### Work instructions
The answer must be the full listing, repeated exactly.

### Raw data
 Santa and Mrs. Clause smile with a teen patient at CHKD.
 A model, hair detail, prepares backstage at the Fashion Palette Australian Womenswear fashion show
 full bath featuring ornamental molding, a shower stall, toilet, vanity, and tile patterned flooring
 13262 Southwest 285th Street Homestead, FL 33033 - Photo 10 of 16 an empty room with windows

### Result for this exercise
 Santa and Mrs. Clause smile with a teen patient at CHKD.
 A model, hair detail, prepares backstage at the Fashion Palette Australian Womenswear fashion show
 full bath featuring ornamental molding, a shower stall, toilet, vanity, and tile patterned flooring
 13262 Southwest 285th Street Homestead, FL 33033 - Photo 10 of 16 an empty room with windows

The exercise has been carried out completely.